At the end of the pathway, the incredibly well-preserved mosaics of the mansion came into view, depicting a number of animals and the protagonists of the Greek tragedy ‘Hippolytus’ by Euripides. Its titular character, the illegitimate son of the King of Athens, vows to live chastely and therefore revers Artemis instead of Aphrodite. This enrages the latter goddess, and she makes the man’s stepmother fall in love with him, which results in her committing suicide. The king in turn gets angry and curses his son with banishment and death, before Artemis eventually intervenes on the dying Hippolytus’ behalf. At the four corners of the mosaic panel are images of Tyche – the Greek goddess who governed the fortune and prosperity of a city – in different styles personifying the seasons. Meanwhile, at the top left of the panel, three depictions of the same goddess symbolize the three cities of Rome, Gregoria and Madaba. Scholars have different opinions about which Rome it refers to – the one in Italy or Constantinople, the center of the Eastern Roman Empire. However, even more bewildering is Gregoria as no one has been able to identify any city in that period with this name.
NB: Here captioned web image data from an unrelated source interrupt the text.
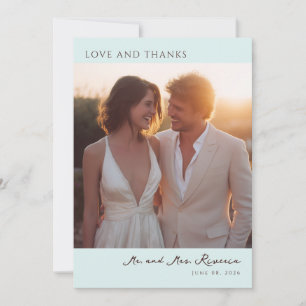 Tarjeta De Agradecimiento Foto contemporánea romántica dorada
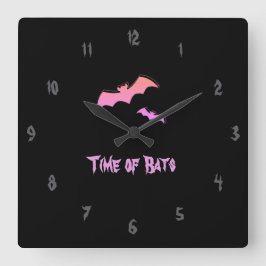 Tidpunkt för Fladdermöss - Rosa & Lila Abstrakt-ko Fyrkantig Klocka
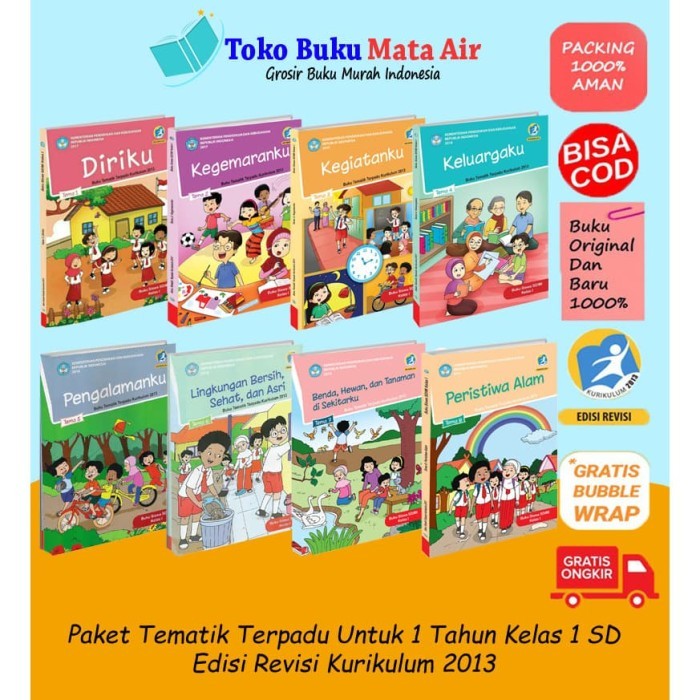

BEST SELLER PAKET BUKU TEMATIK SD KELAS 1 PAKET 1 TAHUN K13 REV 2018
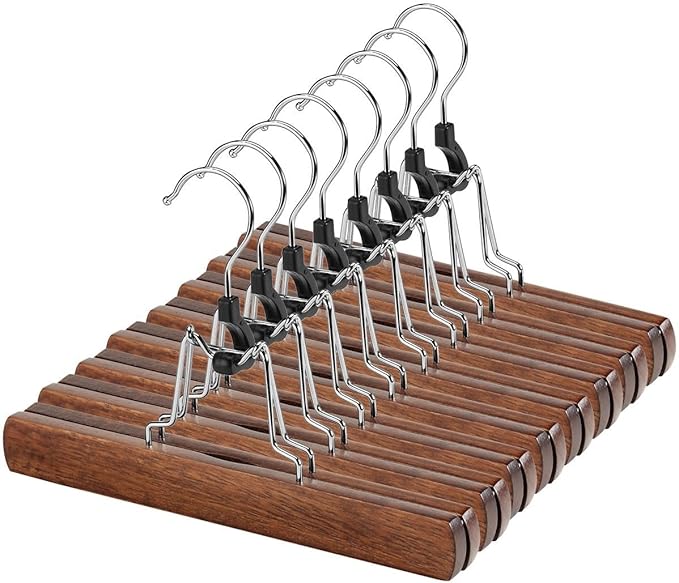 AMKUFO 20 Pack Wooden Pants Hangers with Clips Non Slip Skirt Hangers Trouser Clamp Hanger Solid Wood Hanger with 360° Swivel Hook Walnut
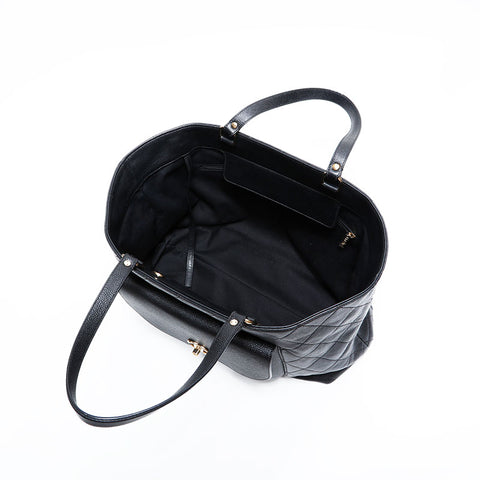 CHANEL No. 24 2017-2018 Wild Stitch Calfskin Caviar Turnlock Tote Shoulder Bag black WS22835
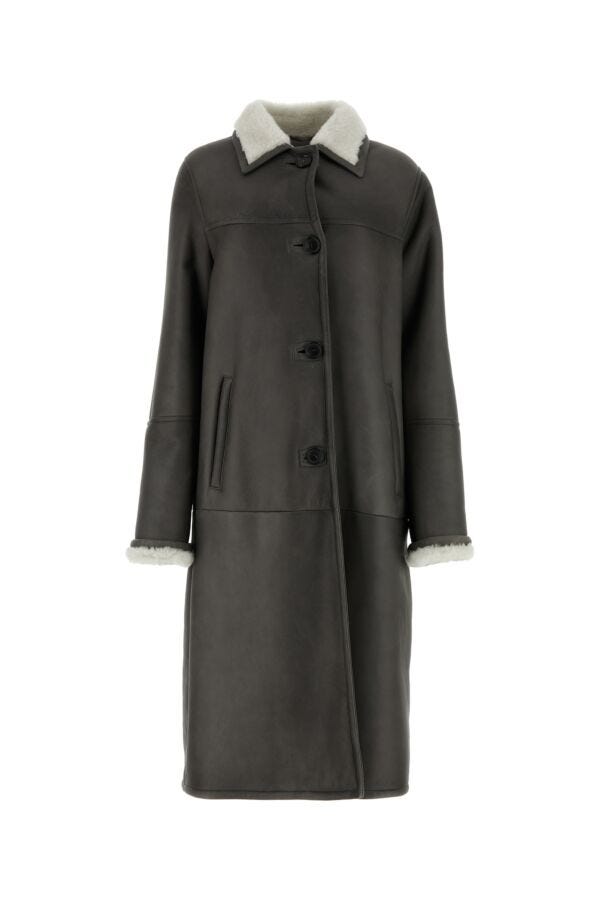 Prada Woman Dark Grey Shearling Coat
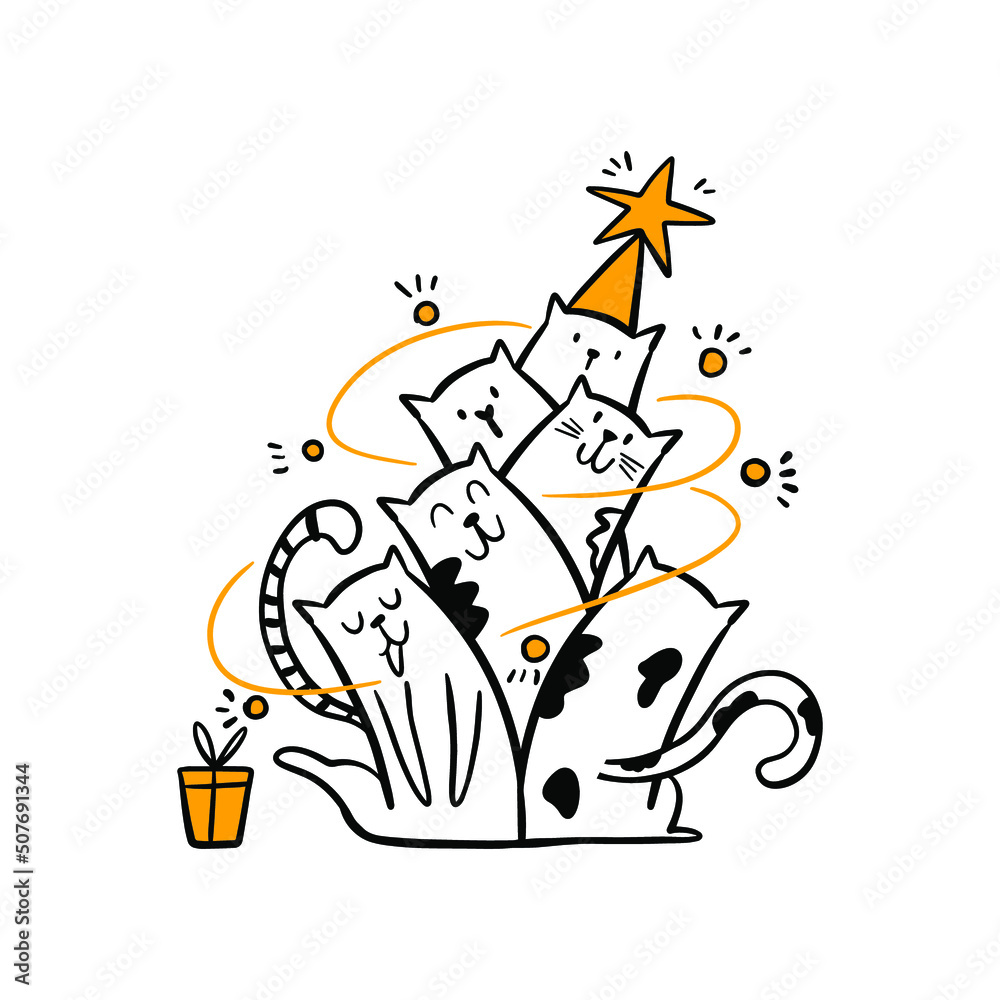Obraz premium Cats Christmas tree. Merry Christmas hand drawn vector illustrat. Sketch happy cats characters celebrate Xmas. Cute scandinavian illustration. Winter holiday greeting card, poster,
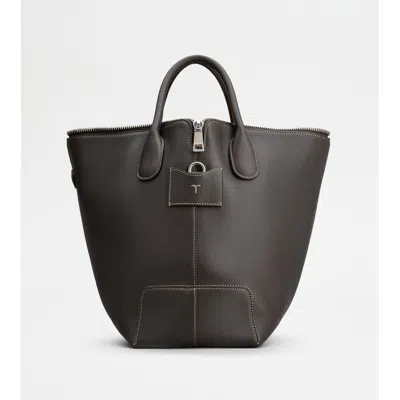 Tod's Di Bag Swing In Leather Medium In Grey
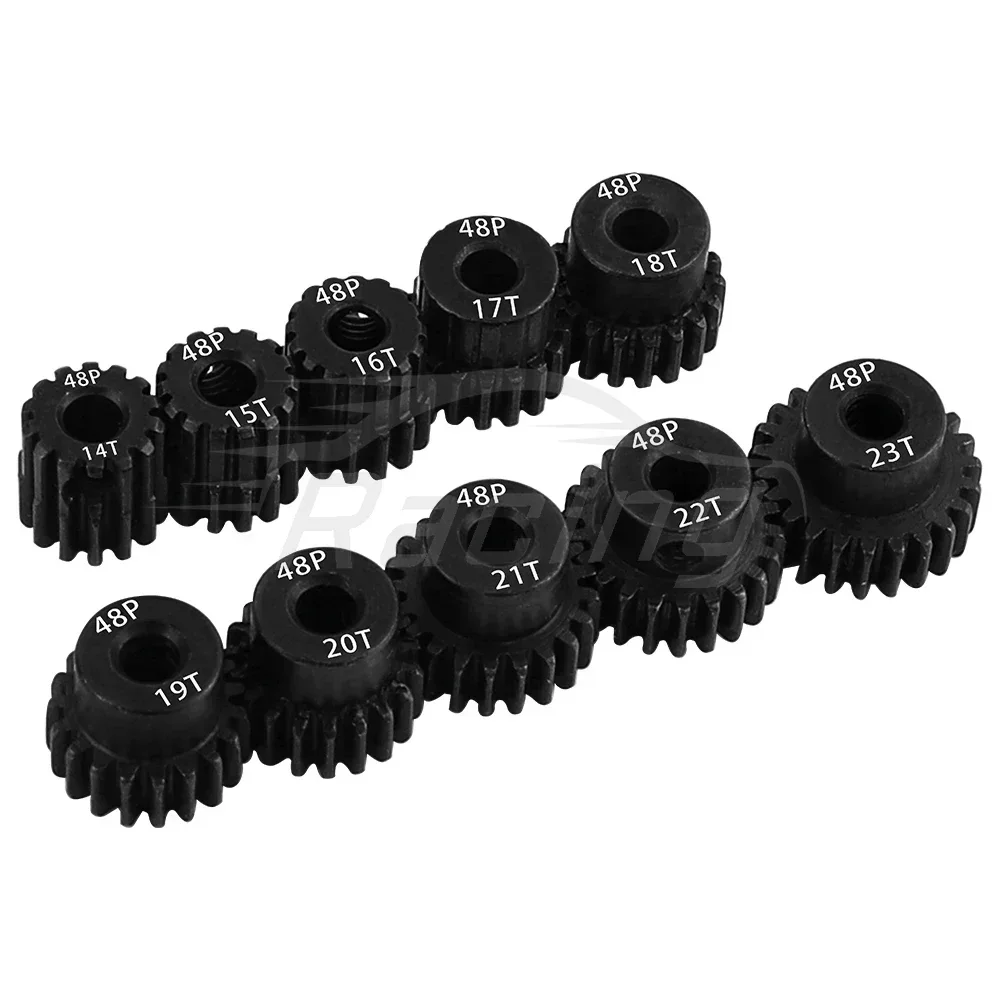 1PC 48P 3.175mm M0.53 Black Steel Metal Pinion Motor Gear 14T 15 16 17T- 23T For 1/10 Axial SCX10 Rc Model Car Motor Accessories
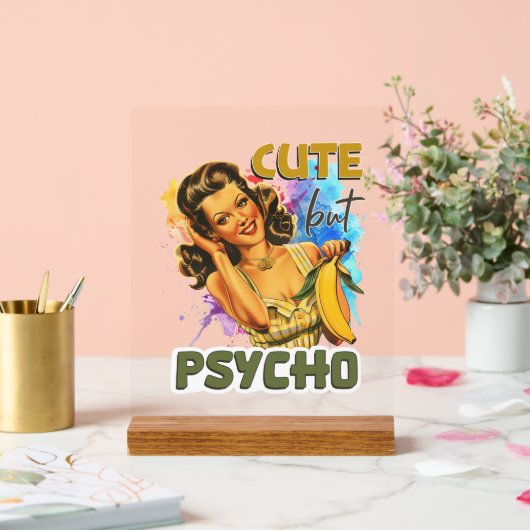 Grappige retro dame woordkunst acryl bord (Huwelijk)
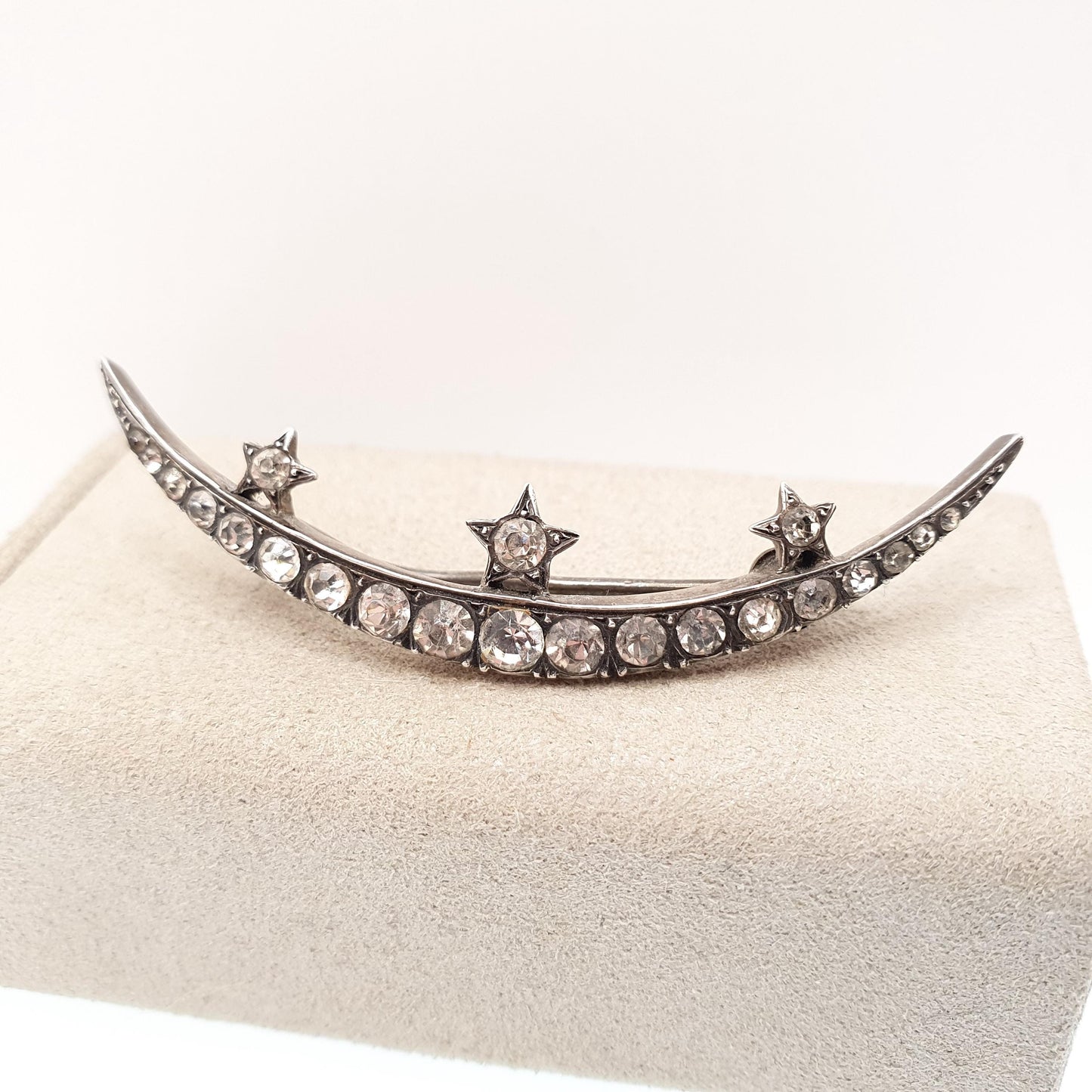 Antique Victorian Crescent Moon & Star Solid Silver Brooch Pin Diamond Paste Parisian Diamond Company Vintage White 1800s Jewellery Jewelry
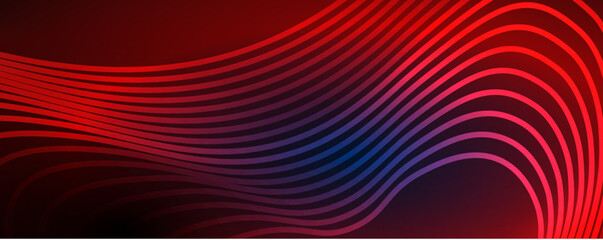 Techno neon wave lines, dynamic electric motion, speed concept. Templates for wallpaper, banner, background, landing page, wall art, invitation, prints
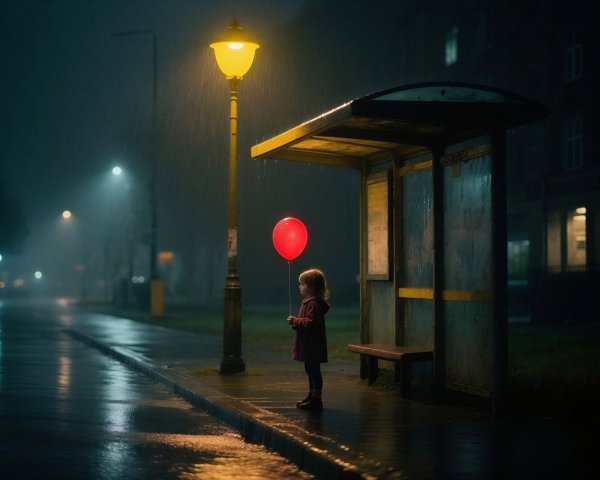Child with Red Balloon at Rainy Bus Stop Night Scene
Strangely, the impressive mosaics of this archaeological park in Madaba only attracted a handful of visitors – less than a dozen, to be precise, during the 50 minutes we spent here. While the Madaba Map was certainly interesting, it was the mosaics of the Hippolytus Hall and the Church of the Virgin Mary right on top that became the highlight of our visit, something we didn’t expect at all as most references we had read prior to coming only gave these mosaics a brief mention compared to the extensive and elaborate descriptions of the mosaic map of the Holy Land. Astonished and satisfied, we walked back to St George’s Church to find our driver waiting across the street, where we began. Through the car window, I saw other groups of tourists flocking into the church. I was quietly hoping some of them would make their way to the Burnt Palace and the Church of Virgin Mary, for they would certainly be blown away by the magnificence of the mosaics there.